Avant de partir, le souverain pontife a remis une icône à l’effigie de Marie et de Jésus à la fraternité.
Charles-Frédérick Ouellet Le Devoir Avant de partir, le souverain pontife a remis une icône à l’effigie de Marie et de Jésus à la fraternité.

Loin des caméras qui le suivaient depuis son premier pas en sol canadien, le pape François a dérogé à son horaire officiel, jeudi, pour visiter un groupe d’hommes aux prises avec des problèmes de dépendance aux drogues ou à l’alcool. La Fraternité Saint-Alphonse, à Beauport, flottait encore sur un nuage au lendemain de cette rencontre en toute intimité avec le plus célèbre habitant du Vatican.

Le père André Morency se confesse : il a dû mentir pour préserver le secret entourant cette visite impromptue. « Je savais depuis un mois qu’il allait peut-être passer. La seule condition, c’était que ça devait rester confidentiel pour des raisons de sécurité. »

Ce mensonge, toutefois, était plutôt véniel. « Je ne pouvais pas dire, jeudi matin, que nous organisions un méchoui parce que le pape François venait nous visiter. J’ai plutôt dit à ma gang que nous faisons un méchoui pour les remercier ! »

La Fraternité Saint-Alphonse, qu’il a fondée il y a 30 ans, n’a pas l’habitude des invités de marque. Au contraire : il a baptisé les hommes qui la fréquentent les « sans-noms », des gens hantés par leurs démons, blessés par leur passé et souvent abandonnés à leur dérive.

« Ils ont presque toujours connu le rejet et l’indifférence, explique-t-il. Ils ont toujours été amanchés avec cette attitude-là. »

François, connu comme le pape des pauvres, tenait à leur témoigner ses égards après la messe qu’il a célébrée à la basilique Sainte-Anne-de-Beaupré. Il a fait dévier son important cortège de l’autoroute et du programme officiel pendant une vingtaine de minutes pour les saluer — parfois même les confesser — dans un français à faire rougir quelques ministres fédéraux.

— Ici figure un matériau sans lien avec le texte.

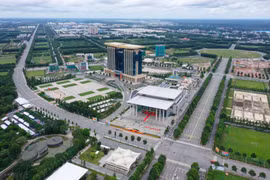Binh Duong advised to switch to smart industrial – urban – service model
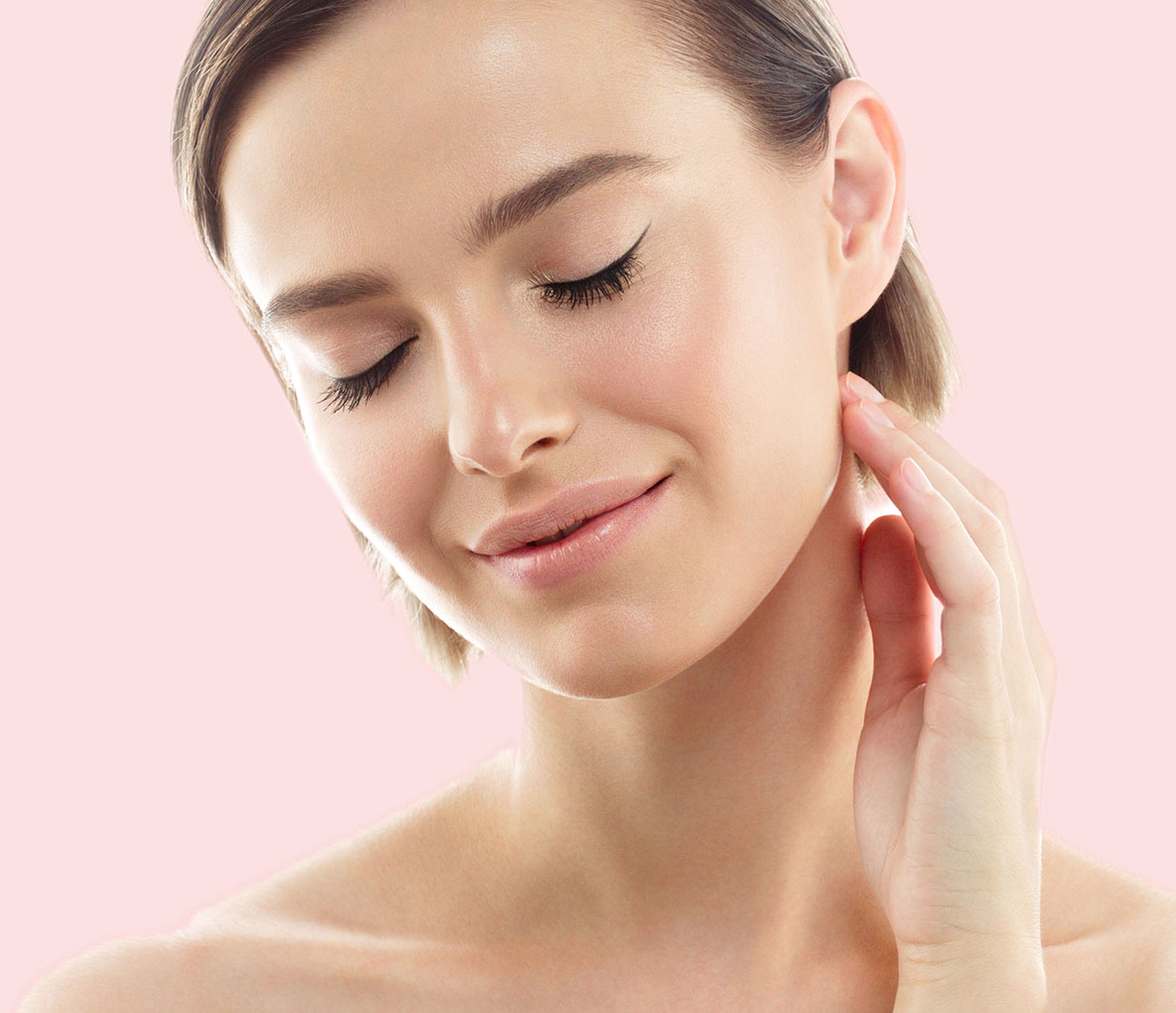 Permanent Makeup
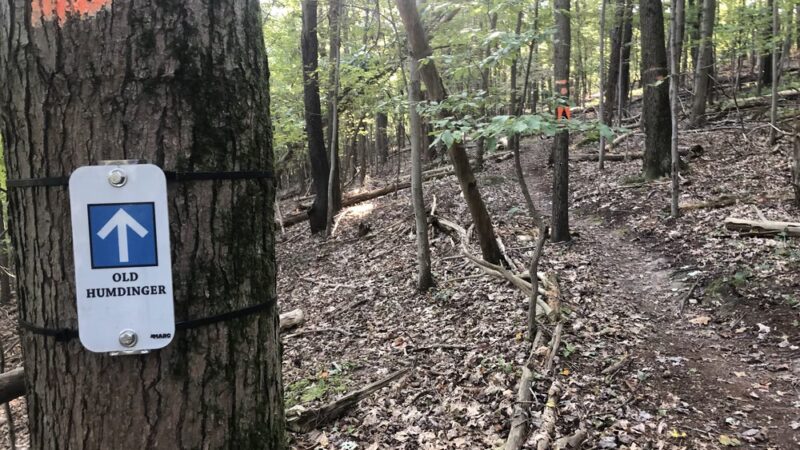 Hopewell Memorial Park - Danville, PA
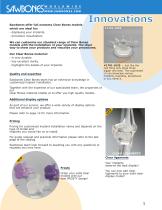 Solid Clear Models-3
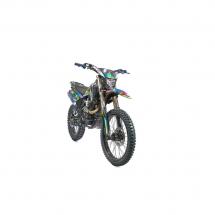 Мотоцикл эндуро OXO Lite 250 X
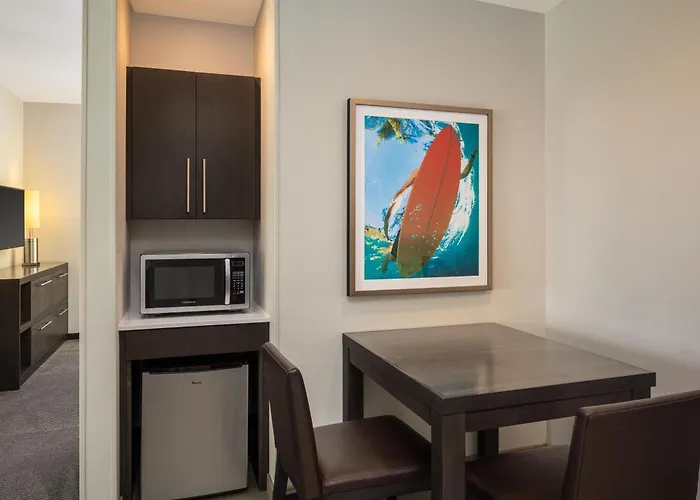 Hyatt Place Santa Cruz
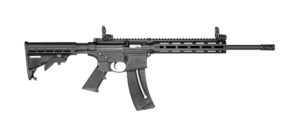 Smith & Wesson M&P15-22 Sport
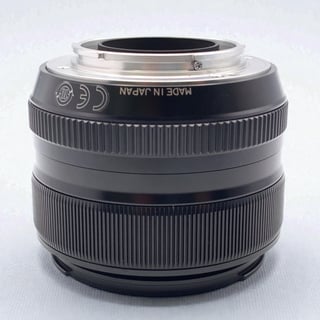 フジノンレンズ XF35mmF1.4 R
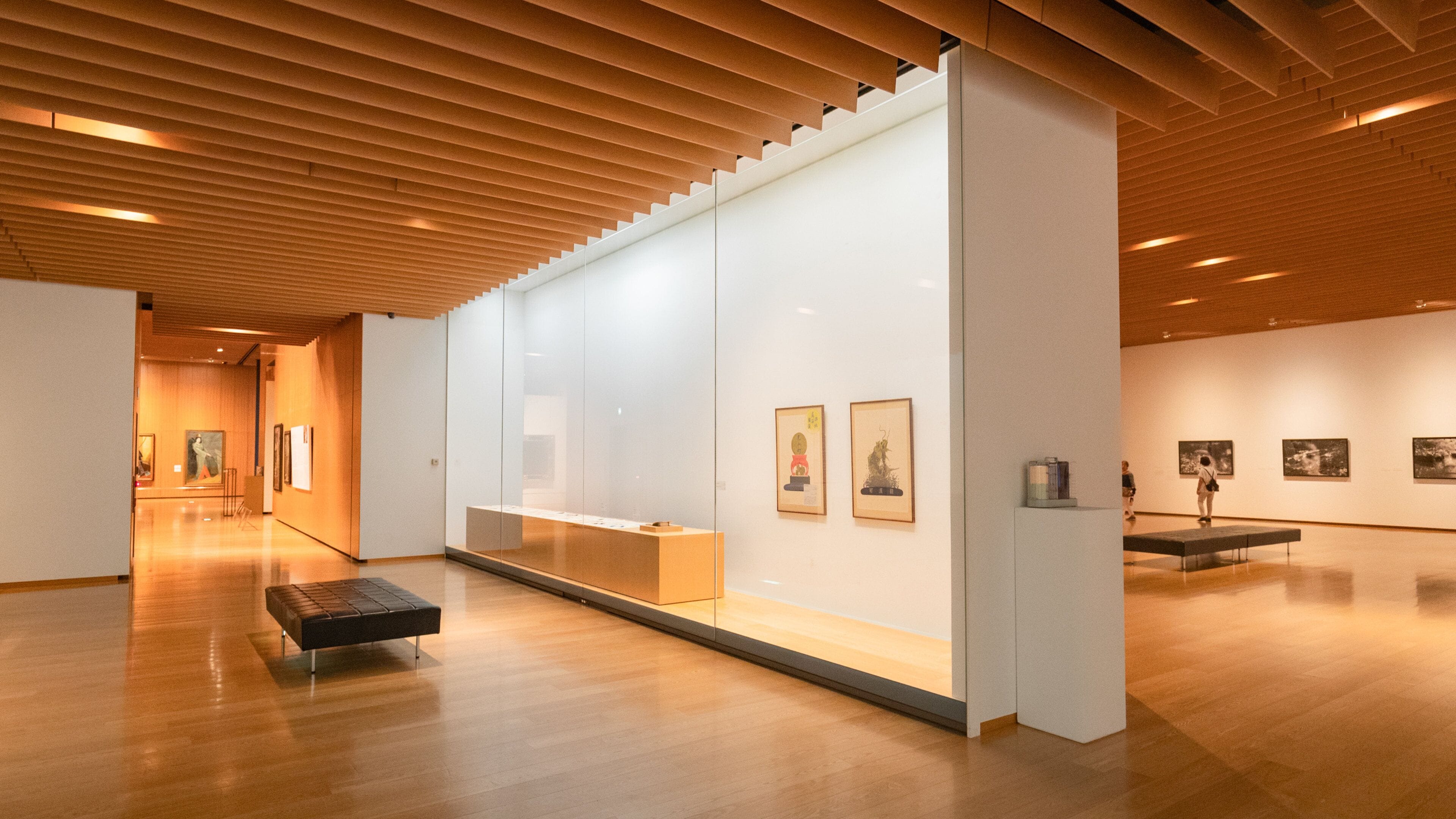 Nagasaki Prefectural Art Museum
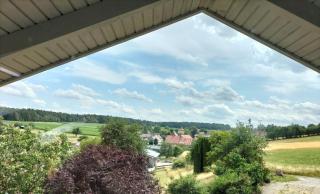 Ausblick Maisenbach - 1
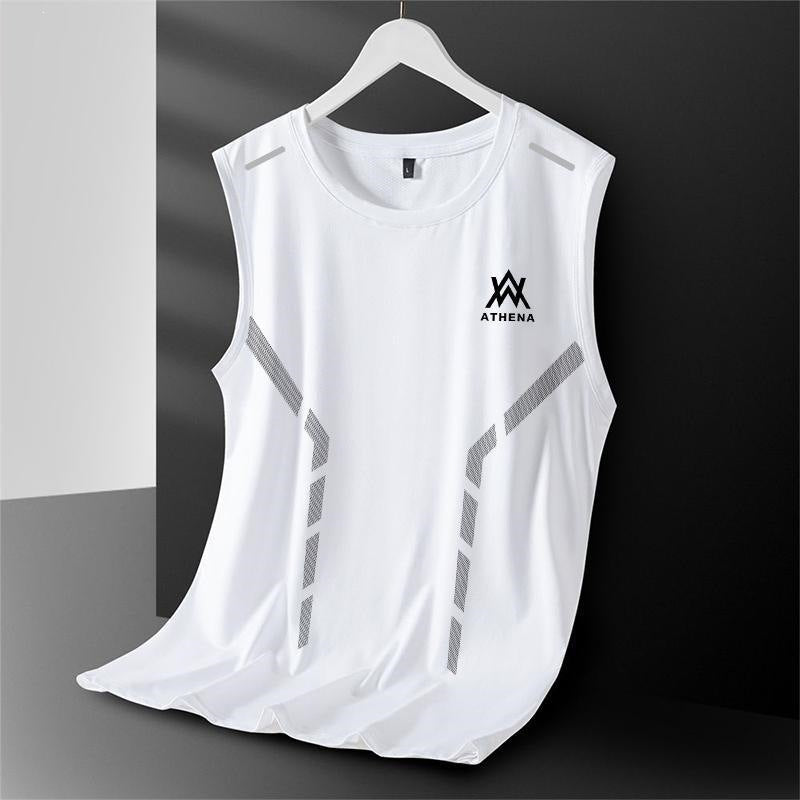 Gilet de sport pour homme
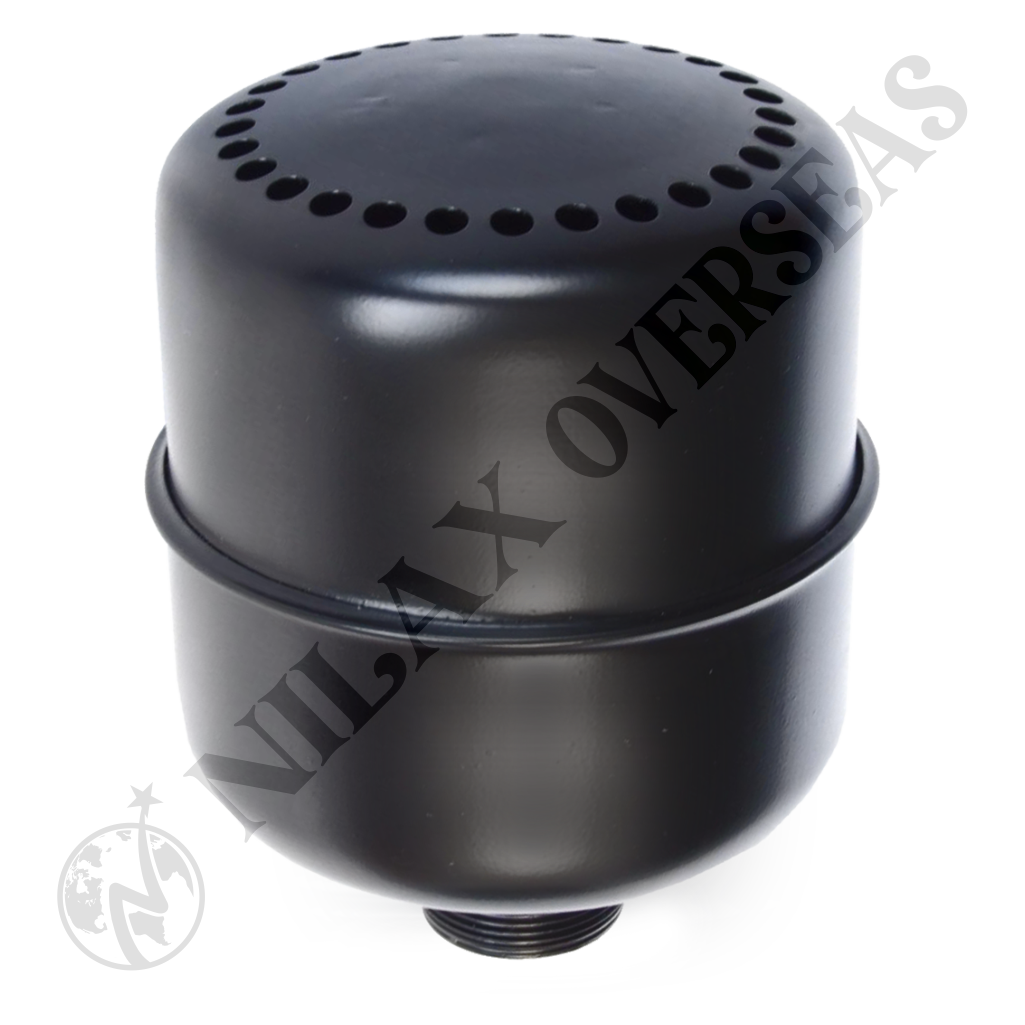 Exhaust Silencer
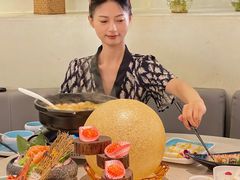 -香香海南菜餐厅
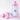Mamonde Flora Glow Rose Water Toner Large Size 500ml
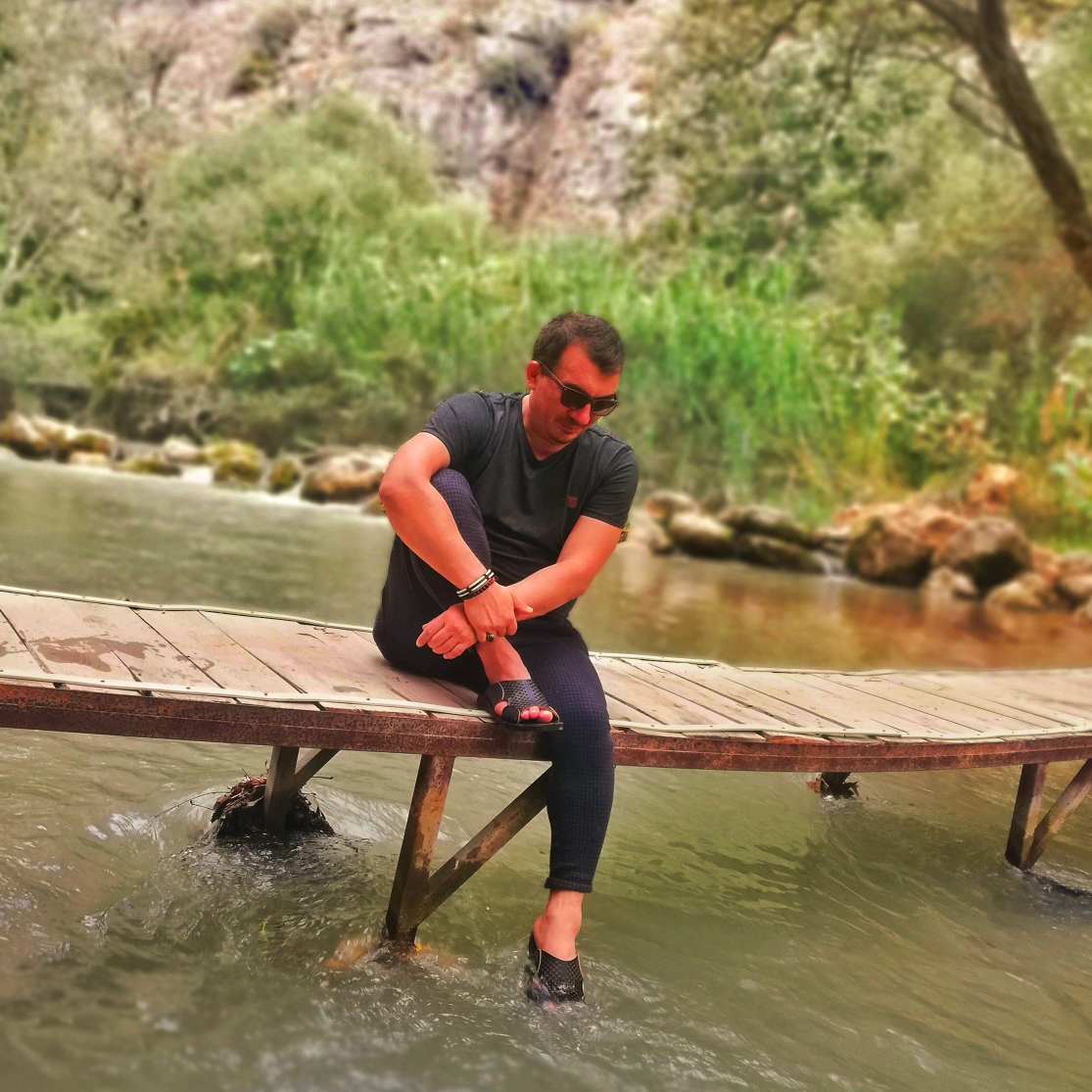 MehmetKirac birdamlasiir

En tout, une soixantaine de personnes ont vécu ce moment inattendu de proximité avec le pape, d’abord rapporté jeudi soir par TVA Québec.

Une rencontre intime

 

Plusieurs pensionnaires de la fraternité, encore abasourdis d’avoir eu cet accès intime au Saint-Père, n’en revenaient toujours pas vendredi. « J’ai encore des frissons », soulignait l’un d’eux au Devoir. « C’est incroyable ! » s’enthousiasmait un autre. Ils viennent à la fraternité pour déposer leur malheur dans l’espoir d’alléger leur vie. La visite papale — si brève fut-elle — leur a permis de se sentir, pour une rare fois, considérés.

Le père André Morency raconte que le pape, sitôt sorti de sa voiture, affichait un large sourire et un visage radieux. « Pendant les cérémonies officielles, je trouvais des fois qu’il avait la mine basse. Quand il est arrivé ici, c’était tout le contraire : il blaguait avec nous, il avait de la lumière dans les yeux. »

Avant de partir, le souverain pontife a remis une icône à l’effigie de Marie et de Jésus à la fraternité — en plus de glisser quatre enveloppes dans la paume de son hôte. « Il m’a dit qu’elles étaient destinées aux pauvres. Quand j’ai décacheté les enveloppes dans mon bureau, j’ai vu qu’il était écrit 5000, 5000, 5000 dans le coin. C’était un don : il nous a confié 20 000 $ pour les moins nantis », raconte le père Morency.

L’homme de foi prend une pause ; il est encore touché que François ait témoigné d’une telle mansuétude à l’égard de son oeuvre. « C’est notre pape, conclut-il. Lui, les démunis, c’est son monde. »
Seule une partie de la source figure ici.